Throughout the day on Monday, the Israeli air force was strangely quiet, despite over 20 rockets fired into Israel. It could be the silence before the storm, or it could be Netanyahu demonstrably giving Egypt another chance to reinstate the calm; the two scenarios are not mutually exclusive, and Israeli restraint at this stage would mean a greater international legitimacy for an operation later, should the provocations continue. By Monday evening, most Palestinian factions had agreed to a ceasefire, but missiles continued to fly sporadically.

On the Palestinian side, there are several internal considerations driving Hamas's behavior (whether or not it initiated them singlehandedly, the movement was a very active participant in the clashes). Firstly, Hamas is facing internal elections in the next days, and rumor has it that its politburo chief Khaled Meshaal, a rival of its Gaza leadership, is reconsidering his promise to retire after his current term ends. [2] The increased militancy of the organization may certainly be related to this intrigue.

Secondly, Palestinian President Mahmoud Abbas, a rival of Hamas whose party, Fatah, is in power in the West Bank, is currently applying to the United Nations for an upgraded recognition of Palestine as a non-member state within the pre-1967 war borders. This claim has irked not only Israel, which plans to keep East Jerusalem as well as most of its post-1967 settlements in the West Bank, but also Hamas, which rejects the existence of the Jewish state altogether and calls for the liberation of "all of occupied Palestine".

The violence could be an attempt by Hamas to scuttle the application - or at the very least to force Abbas to harden his tone against Israel. The Palestinian president further angered his Gaza rivals earlier this month when he gave an unusually moderate interview for the Israeli Channel 2, renouncing rocket attacks and appearing to give ground on the refugee issue. [3] Hamas accused him of treason, and the missile fire could be an additional way of hammering home the point.

Iranian interference also cannot be ruled out as a trigger for the attacks. Several smaller militant organizations in the strip, particularly Islamic Jihad, are reportedly taking orders from Tehran.

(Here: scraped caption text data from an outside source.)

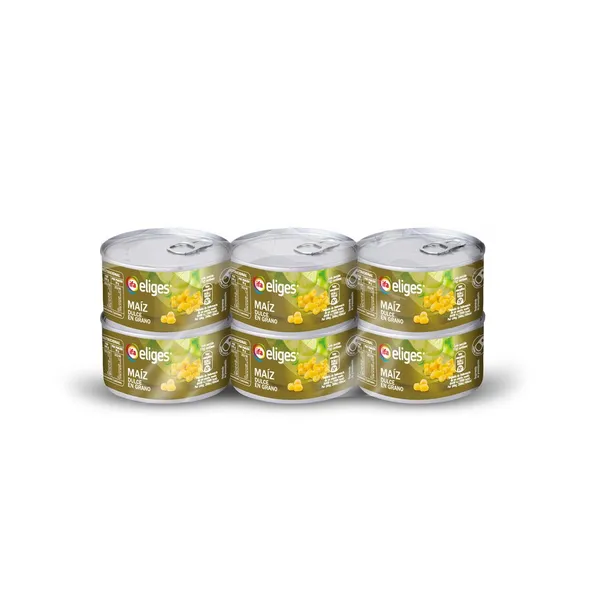 Maíz dulce en grano IFA ELIGES 6X70 g pne.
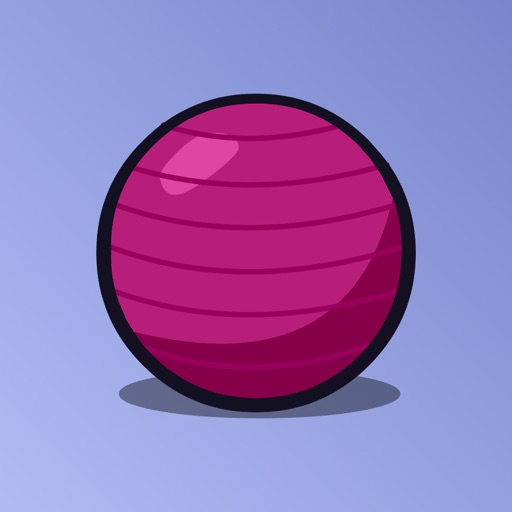 Stability Ball Workout Icon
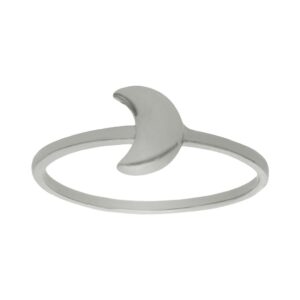Sortija oro blanco 18kl luna
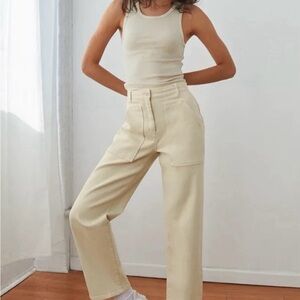 Aritzia Wilfred Free Modern Utility Pant in Pear Sorbet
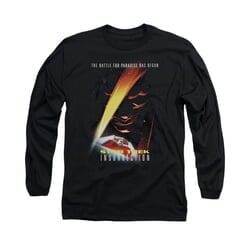 Star Trek Shirt Insurrection Long Sleeve Black Tee T-Shirt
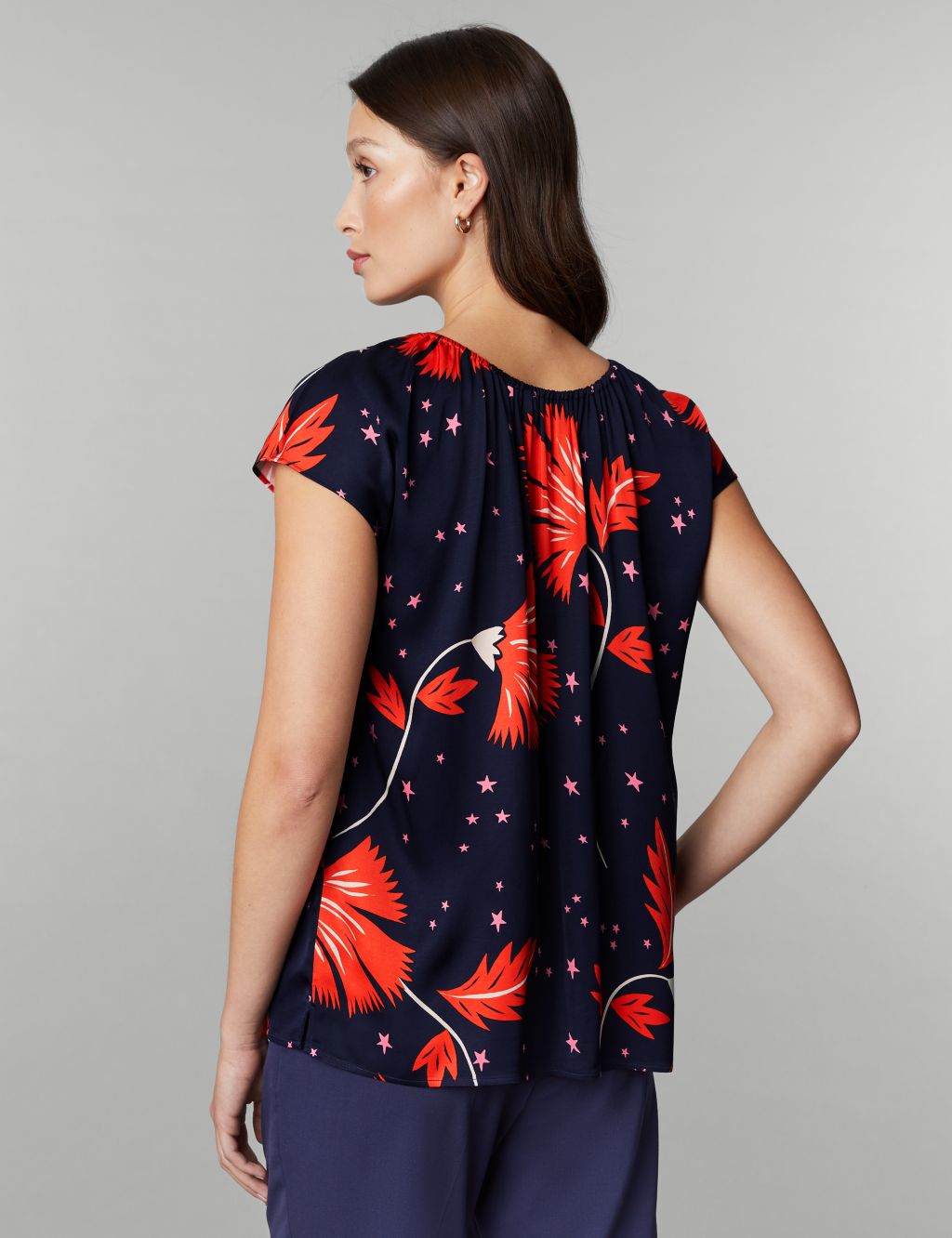 Floral Round Neck Blouse image 5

In all, the current round of violence may end, but it is part of a slow escalation over the past months, with substantial exchanges every two weeks or so. This time, Israel is sending strong signals that the pattern cannot continue. If it does, a land operation in Gaza, or even a wider, incredibly destructive regional war on several fronts could follow.

Notes:
1. Dragged into unwanted war, Ynet, November 11, 2012.
2. Hamas chief Mashaal may be reconsidering retirement, Times of Israel, November 11, 2012.
3. Abbas: No justification for Gaza rocket attacks, Jerusalem Post, November 2, 2012.

Victor Kotsev is a journalist and political analyst.